¡Mi hija es una nínfula!
Unas noches atrás alguien me preguntaba qué estaba leyendo, a lo
que sin demasiado interés respondí: “Lolita,
de Vladimir Nabokov”. No fue poca mi sorpresa cuando mi interlocutor
–un hombre entrado en años, noctámbulo, con quien me había topado
fruto del azar– confesó no haber podido leer dicha novela. De
inmediato le salí al cruce, alegando no comprender del todo bien lo
que quería decir (en el fondo tal vez sí lo había hecho, pero una
curiosidad evidente me hacía querer saber más sobre el asunto).

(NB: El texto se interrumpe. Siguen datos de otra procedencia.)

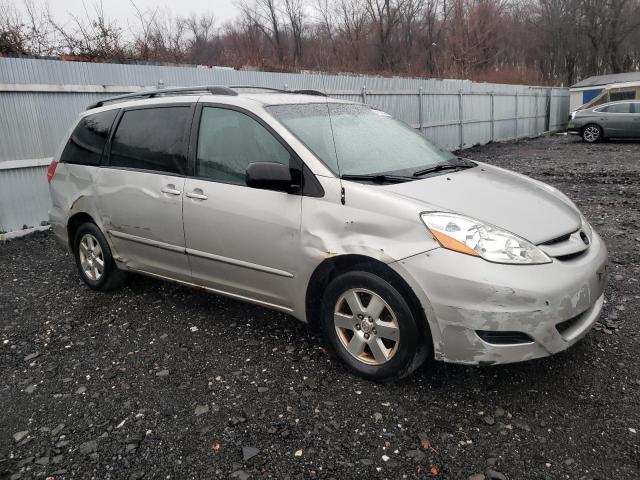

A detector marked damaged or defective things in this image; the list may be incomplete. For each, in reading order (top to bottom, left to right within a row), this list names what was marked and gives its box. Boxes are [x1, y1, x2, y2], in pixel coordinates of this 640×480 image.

damaged front bumper [392, 231, 608, 366]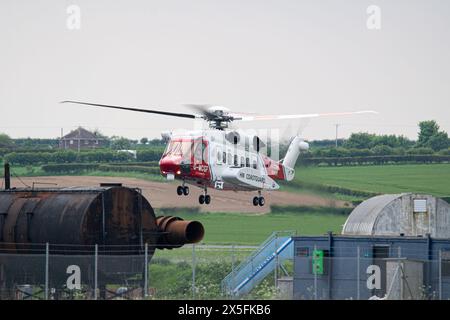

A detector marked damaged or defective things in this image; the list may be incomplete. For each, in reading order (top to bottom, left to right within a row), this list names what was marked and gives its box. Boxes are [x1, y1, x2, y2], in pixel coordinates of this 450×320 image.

rusty storage tank [0, 184, 204, 254]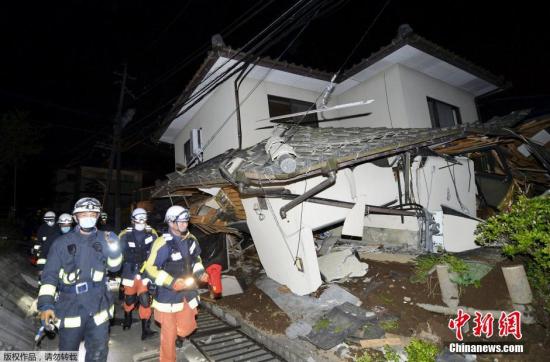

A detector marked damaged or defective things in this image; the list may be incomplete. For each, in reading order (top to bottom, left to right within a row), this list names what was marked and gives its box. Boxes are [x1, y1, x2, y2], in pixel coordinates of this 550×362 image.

damaged roof [152, 110, 544, 198]
damaged house [151, 26, 550, 296]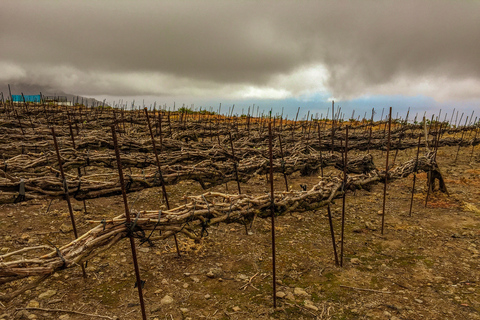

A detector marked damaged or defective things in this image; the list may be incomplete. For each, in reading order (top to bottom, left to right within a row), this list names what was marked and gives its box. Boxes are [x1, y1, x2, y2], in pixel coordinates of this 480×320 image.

rusty metal pole [51, 127, 87, 278]
rusty metal pole [111, 125, 147, 320]
rusty metal pole [143, 109, 181, 256]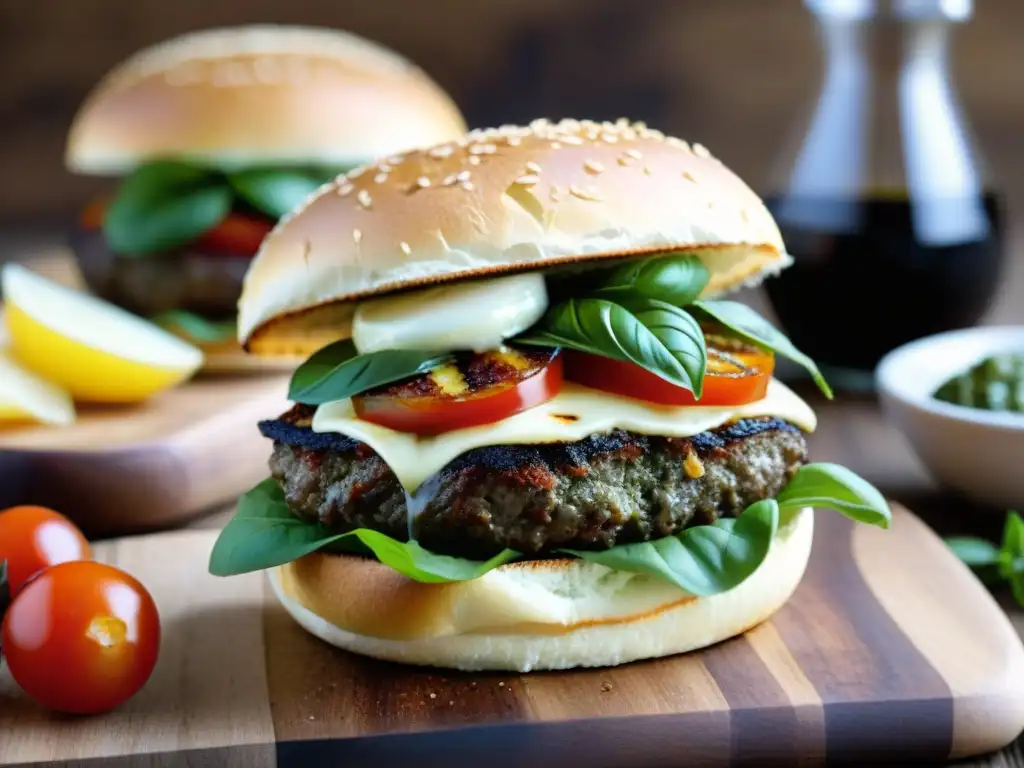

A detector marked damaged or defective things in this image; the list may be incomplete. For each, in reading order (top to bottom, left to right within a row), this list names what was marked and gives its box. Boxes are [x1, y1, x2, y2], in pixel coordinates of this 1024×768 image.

charred edge of patty [260, 405, 802, 473]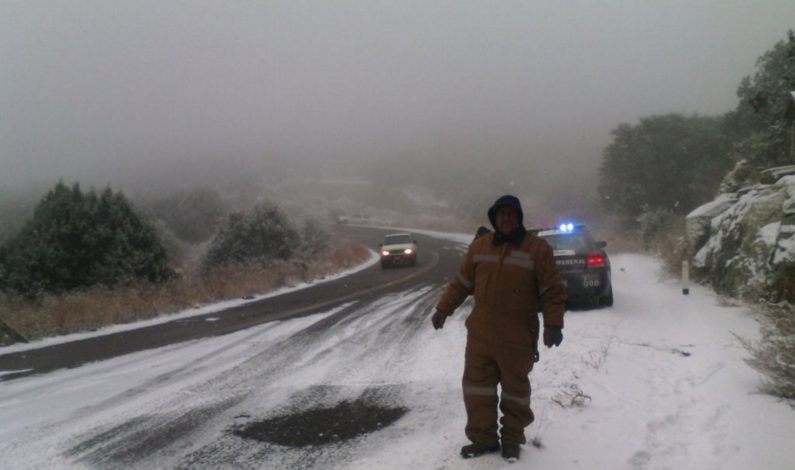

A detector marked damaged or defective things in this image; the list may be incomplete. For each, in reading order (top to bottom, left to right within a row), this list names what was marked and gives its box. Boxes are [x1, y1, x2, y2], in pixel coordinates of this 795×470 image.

pothole in road [229, 398, 404, 446]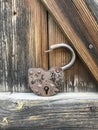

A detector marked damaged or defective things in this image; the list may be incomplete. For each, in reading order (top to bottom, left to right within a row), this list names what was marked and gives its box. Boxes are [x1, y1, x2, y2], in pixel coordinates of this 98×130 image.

rusty padlock [28, 43, 75, 96]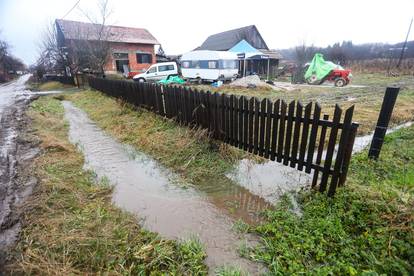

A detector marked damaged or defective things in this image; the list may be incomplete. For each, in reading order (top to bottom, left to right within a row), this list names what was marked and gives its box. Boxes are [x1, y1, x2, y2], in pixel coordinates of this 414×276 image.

Cierta inflexión en la voz y la adopción de un aire de gravedad,
auguraban la inminencia de una respuesta contundente, es que –el
individuo era padre de una púber de 12 años–, ¡su hija bien podía
ser, en términos de Humbert (el protagonista de la novela en
cuestión), una “nínfula”!
El caso me recordó –salvando las distancias– a
aquellos docentes de literatura que, en mis tiempos de estudiante,
expresaban abiertamente no haber podido enseñar más “El
hijo”, de Horacio Quiroga, una
vez que fueron padres. Y si bien no faltará quien diga: “seamos
honestos, solo se trata de una obra de
ficción”, lo cierto es que existe un
fuerte núcleo emocional, que habla de un encuentro íntimo y una
experiencia estética personalísima a la que es difícil arribar en
clave intelectiva. Sin embargo, el caso del padre de la chica de 12
años era distinto, el centro problemático (o la ausencia de) tenía
otros alcances e implicaciones.
La ley es otra
Podríamos conformarnos con enjuiciar, sin más, a
Humbert en clave jurídico-moral, sentenciar que un pederasta con sus
características no merece la pena vivir o que debe estar a lo menos
una eternidad en prisión; no obstante, la controversial obra que
Nabokov publicó hacia 1955
va más allá de los límites que le imponen estas categorías. Lo
primero es pensar la compleja relación que se tiende entre ley y
transgresión. Dicho de otro modo: en Lolita el poder legal no
está ausente, sino que, muy por el contrario, es una presencia
recurrente, inquietante. Una interferencia. Cuando la madre de
Lolita muere a raíz de un accidente de tránsito, el profesor recorre
con su hijastra el mapa de los Estados Unidos; el viaje no parece
ser más que una excusa para estar con la joven sin
impedimentos. Cualquiera pensaría que, en este marco, la novela
tiende a una secuencia ininterrumpida de escenas eróticas o de la
más ramplona pornografía.
Nada de eso. Hay lugar para que Humbert se cuestione
en términos jurídicos, investigando, consultando volúmenes
polvorientos en bibliotecas públicas, citando a diferentes juristas:
El lector reirá, pero debo decir que en verdad nunca
pude saber con exactitud cuál era mi situación legal. Y aún no la
conozco. Oh, me he enterado de algunos pormenores. Alabama prohíbe
que el tutor cambie de domicilio del menor sin orden del tribunal;
Minnesota, ante la que me quito el sombrero, prescribe que cuando un
pariente se hace cargo de la custodia permanente de cualquier menor
de catorce años la autoridad de un tribunal es improcedente.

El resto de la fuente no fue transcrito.